L’idée que la prière a une efficacité apostolique est ancienne, pour ne pas dire originelle. De tout temps, les générations chrétiennes ont fait leur la recommandation du Christ en son Évangile comme celle des premiers apôtres en leurs écrits : « priez sans cesse ». De tout temps les missionnaires de l’Évangile se sont souvenus de la pratique exemplaire du Christ qui se « retirait seul sur la montagne pour prier », et spécialement avant les temps forts de son ministère public. On sait comment, dans une certaine lecture interprétative de l’histoire chrétienne, aux apôtres, ces figures types de l’idéal chrétien, ont succédé aux IIe et IIIe siècles les martyrs, puis avec la paix civile de l’état constantinien, les moines [7]. C’est ainsi que s’est accréditée la conviction que la vie religieuse sous sa forme monastique prenait en relais, surtout par la prière, l’œuvre évangélisatrice. De plus la hiérarchie ecclésiale sut constituer et utiliser des équipes monastiques comme fers de lance dans les nouvelles terres de mission. L’entreprise en fut d’autant facilitée que s’était fortement développée une double pratique ecclésiale : cléricalisation de la vie monastique d’une part et monachisme épiscopal d’autre part. Dans la même ligne d’influence, la pratique des communautés religieuses et notamment la vie canoniale, a servi de modèle au bréviaire du clergé. C’est dire combien la vie chrétienne dans son ensemble fut marquée dès le haut Moyen Âge par ce que les historiens de la vie religieuse ont pu appeler l’âge d’or du monachisme. Il va de soi que dans ce contexte l’activité apostolique elle-même, de sa source jusque dans sa pratique, ne pouvait que s’imprégner du ferment religieux du temps, mûri à l’ombre du cloître.

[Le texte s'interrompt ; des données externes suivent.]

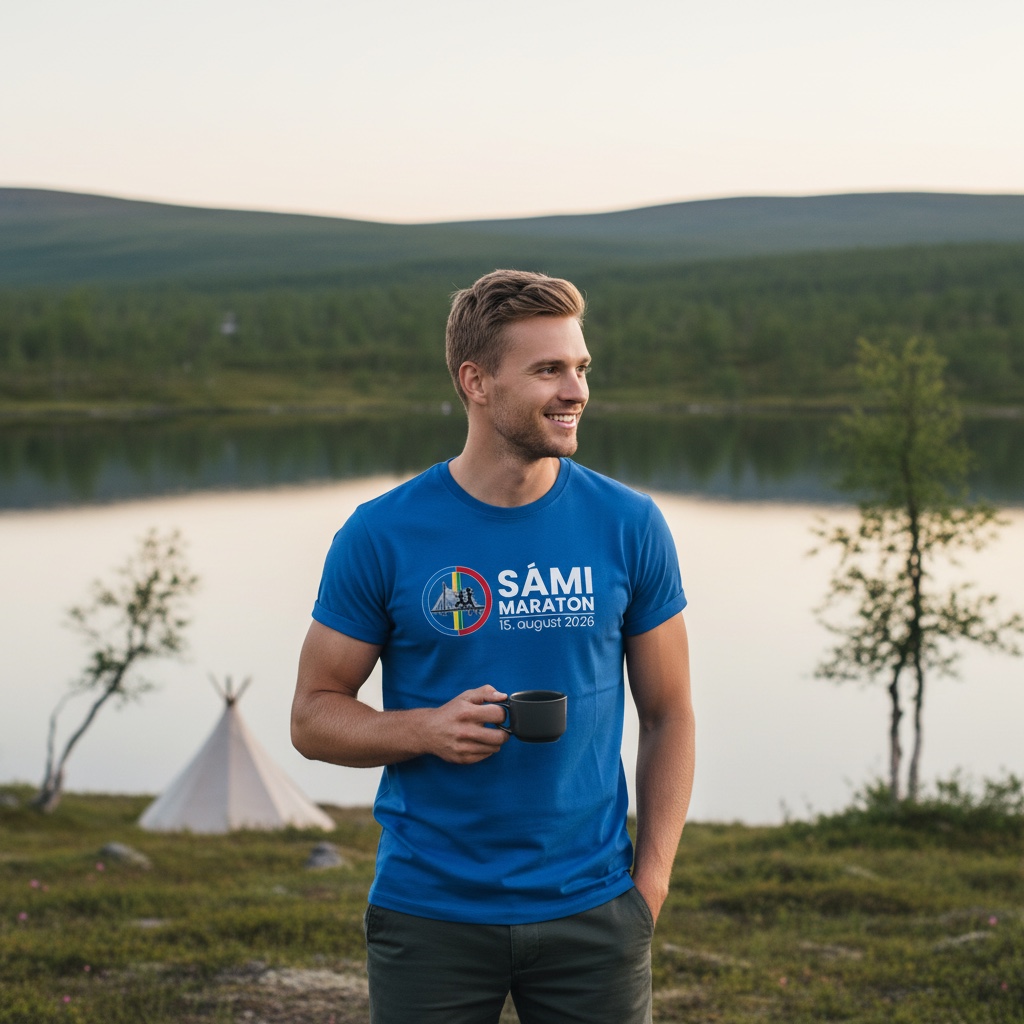 T-skjorte - Sámi Maraton 2026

Sans vouloir retracer ici toute l’histoire de la vie religieuse, il est juste de relever au moins au titre d’illustrations signifiantes trois temps expressifs de cet apostolat religieux, qui a profondément marqué la conception même d’une prière apostolique : la naissance des ordres mendiants et conventuels aux XIIe et XIIIe siècles qui libèrent en quelque sorte la vie religieuse de sa gangue monastique pour l’ordonner à la mission proche et lointaine dans un monde qui s’urbanise, au XVIe siècle, le surgissement des ordres religieux, dont la Compagnie de Jésus fondée par Ignace de Loyola offre l’exemple le plus éclatant et qui prennent en charge dans l’Église, au temps des Réformes, des modes renouvelés et multiples d’apostolat, enfin la lente mais décisive percée de la vie religieuse apostolique, au XVIIe, affranchie non sans peine de la clôture pour une véritable promotion de la femme dans le champ apostolique. Comment de tels modèles de vie religieuse n’auraient-ils pas infléchi la conception même de la prière de ses membres, dont le choix de vie, tout ancré dans la tradition et le sens d’une vie religieuse authentique, n’en offre pas moins une part viscéralement liée à la « passion apostolique » ? Quoi d’étonnant à ce que deux jésuites, les PP. Gautrelet en 1844 et Ramière en 1861, aient voulu jeter un regard neuf sur l’effort missionnaire de l’Église et des congrégations apostoliques, en regroupant des chrétiens laïcs et des religieux dans des associations de prière ? Prier, c’est toujours accroître l’union entre le Christ et son Corps pour l’élargir aux dimensions du monde. En poursuivant la prière de Jésus, la prière apostolique de tous rejoint le mystère du Christ-Tête, qui représente et rassemble toute l’humanité, à la façon de « solos qui se fondent en un concert ». L’horizon de la prière ne peut être, a fortiori chez des religieux apostoliques, qu’un horizon universel.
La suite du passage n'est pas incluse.